I was stressing out about finances but now realize the vast potential of sitting on my ass reading other people’s blogs all day because then I can comment on them here on Longviews. As stated elsewhere we have decided to play linksies, the blogosphere’s version of footsies, with Newspaper Rock – a subsidiary of Rob Schmidt’s long standing Blue Corn Comics website. Evidently that guy has plenty of time to comb the ‘Net for any ole thing related to Indians and their crossing of culture shananigans.
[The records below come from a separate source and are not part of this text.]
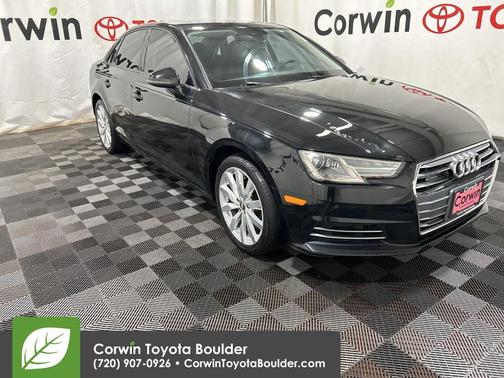 2017 Audi A4 2.0T Premium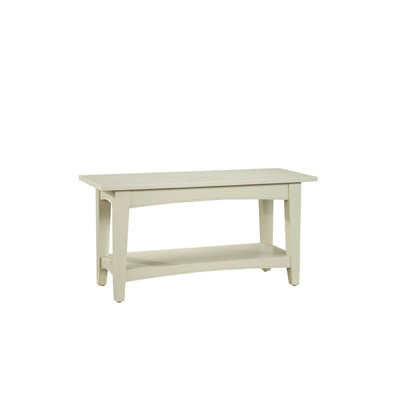 Alaterre Shaker Cottage Bench Table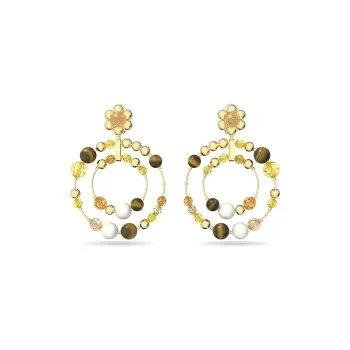 Swarovski Somnia Beaded Hoop Earrings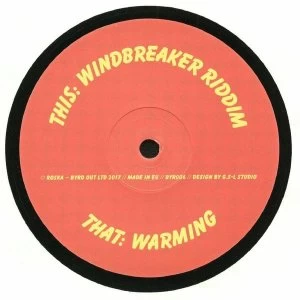 Image of Roska &lrm;- Windbreaker Riddim Vinyl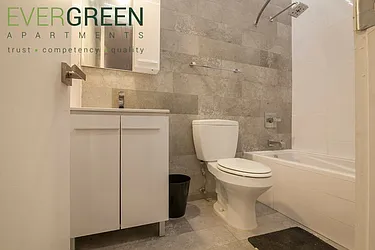 Rented by Evergreen Apartments BK
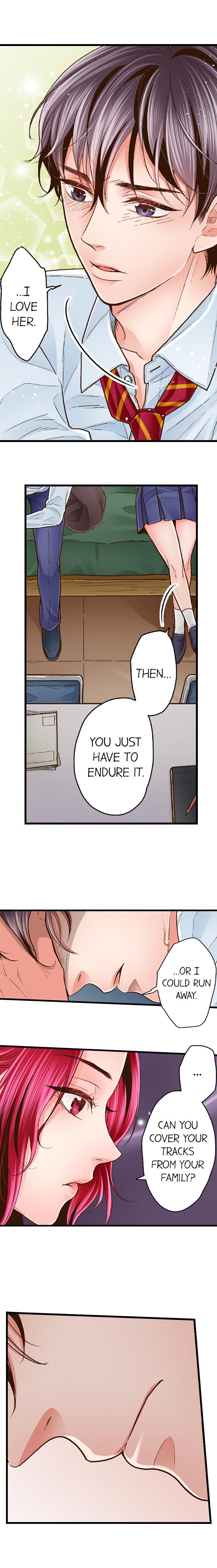 Yanagihara Is a Sex Addict. Chapter 54 - HolyManga.Net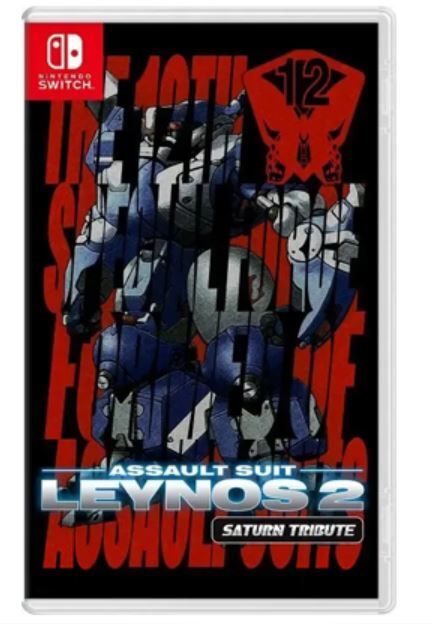 Switch Assault Suit LEYNOS 2 Saturn Tribute (Chinese/ Japanese/ English)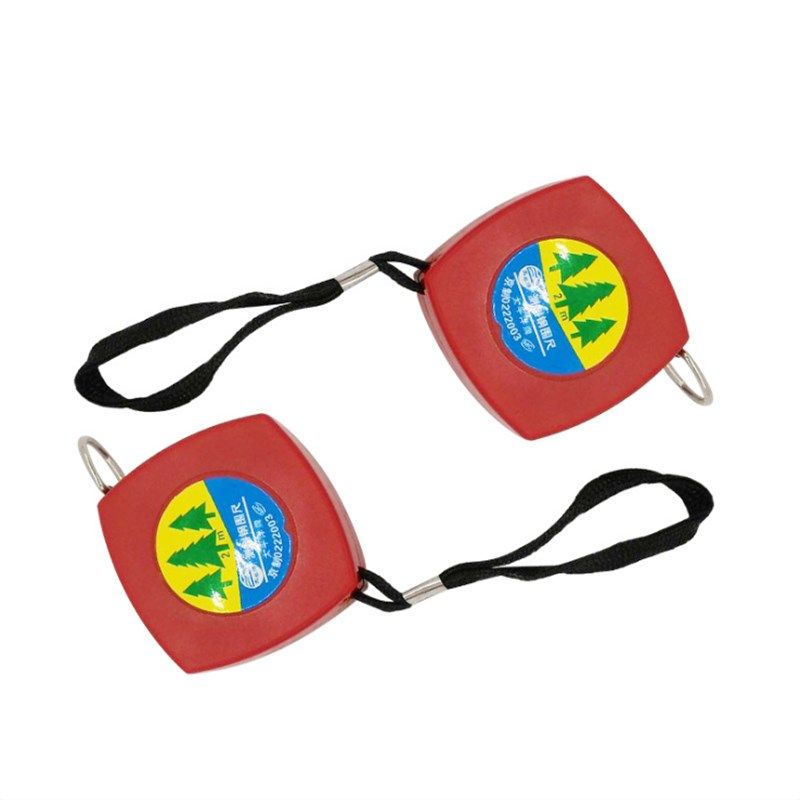 包邮测树尺直径尺树径卷尺量树尺 2米不锈钢测树钢围尺胸径尺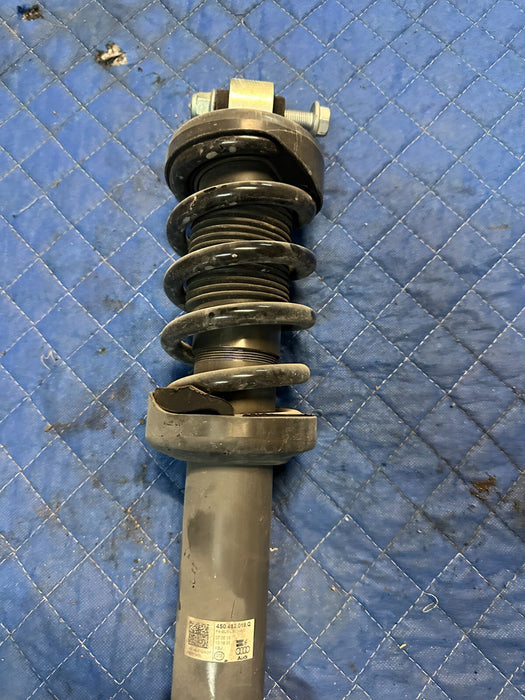 2018 AUDI R8 PLUS FRONT RIGHT SUSPENSION SHOCK ABSORBER STRUT OEM 4S0 412 019 Q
Being that I am Boricua I found this news item of particular interest Oneida/Puerto Rican Restaurant
Seems Tamar Cornelius, Oneida, had her a nice little vacay en el Isla del Encanto and got all encantada with the mofongo. She’s also engaged to a Papì Chulo who has the same last name as me! OMG, OMG, OMG could we be related?! If so, would I get a discount on the roast pork cracklings with famed P.R. delicacy – mayonaise and Thousand Island Dressing dipping sauce?! Chances are pretty slim ’cause Puerto Ricans are notoriously stingy and even worse restaurant owners!
Actually I am shocked to hear anyone not visiting the island due to family obligations say they enjoyed the local cuisine. Surely she must have got a taste of home cooking from her fiance’s abuelita’s crib ’cause I know from experience if she went to a restaurant they damn sure didn’t serve her anything that miraculous. Moreover, they probably took her plate away, half full insisting her ass was done, and to pay up and jet ’cause the waitstaff got better things to do than serve paying customers. Like, yo, stand around waiting for more customers to not pay attention to and/or rush them out of the restuarant but also insisting on a good tip. You can see I have had some bitter experiences, can’t you?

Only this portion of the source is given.